> Your goal: Go through the entries below and collect each line with the string "Hello" in it.

> Record set:
****************

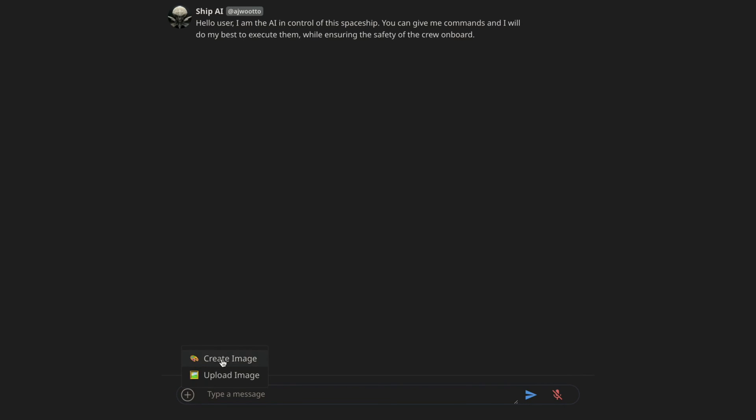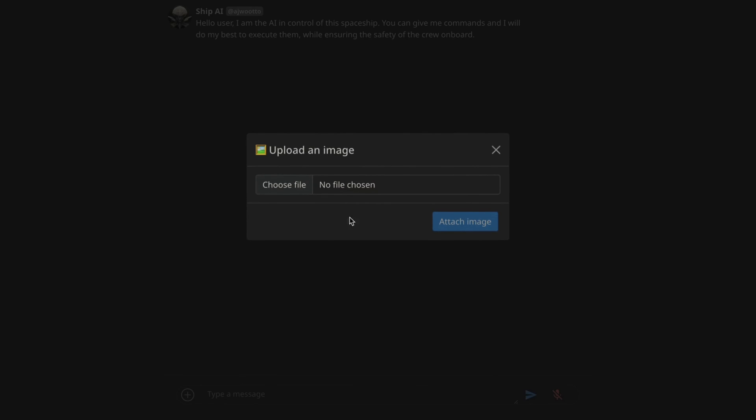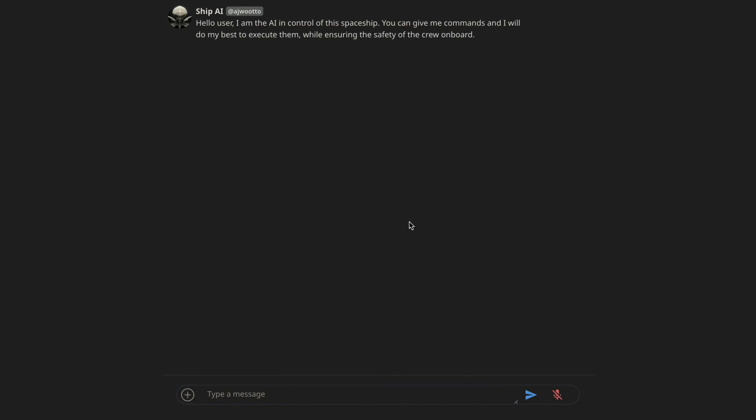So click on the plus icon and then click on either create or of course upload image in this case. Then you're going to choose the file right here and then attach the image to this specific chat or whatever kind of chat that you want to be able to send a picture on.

****************

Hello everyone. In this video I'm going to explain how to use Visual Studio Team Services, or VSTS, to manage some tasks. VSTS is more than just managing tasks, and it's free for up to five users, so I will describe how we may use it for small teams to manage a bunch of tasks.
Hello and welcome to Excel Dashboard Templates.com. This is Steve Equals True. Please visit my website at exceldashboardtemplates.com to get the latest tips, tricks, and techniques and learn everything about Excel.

****************

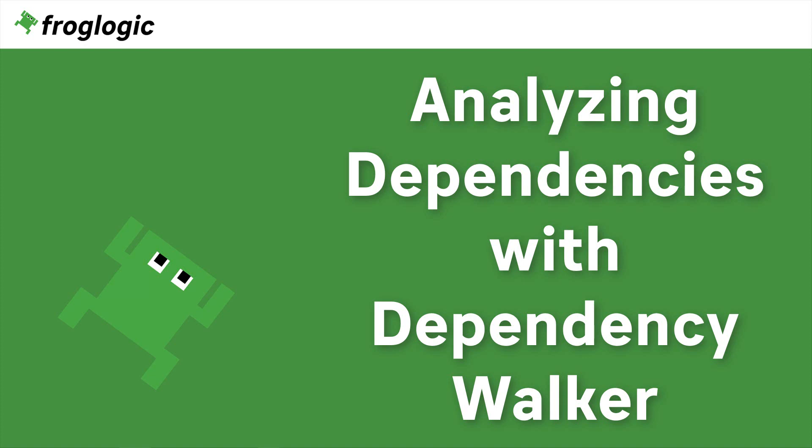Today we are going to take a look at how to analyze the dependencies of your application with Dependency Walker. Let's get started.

****************

> Output for this task:
Hello everyone. In this video I'm going to explain how to use Visual Studio Team Services, or VSTS, to manage some tasks. VSTS is more than just managing tasks, and it's free for up to five users, so I will describe how we may use it for small teams to manage a bunch of tasks.
Hello and welcome to Excel Dashboard Templates.com. This is Steve Equals True. Please visit my website at exceldashboardtemplates.com to get the latest tips, tricks, and techniques and learn everything about Excel.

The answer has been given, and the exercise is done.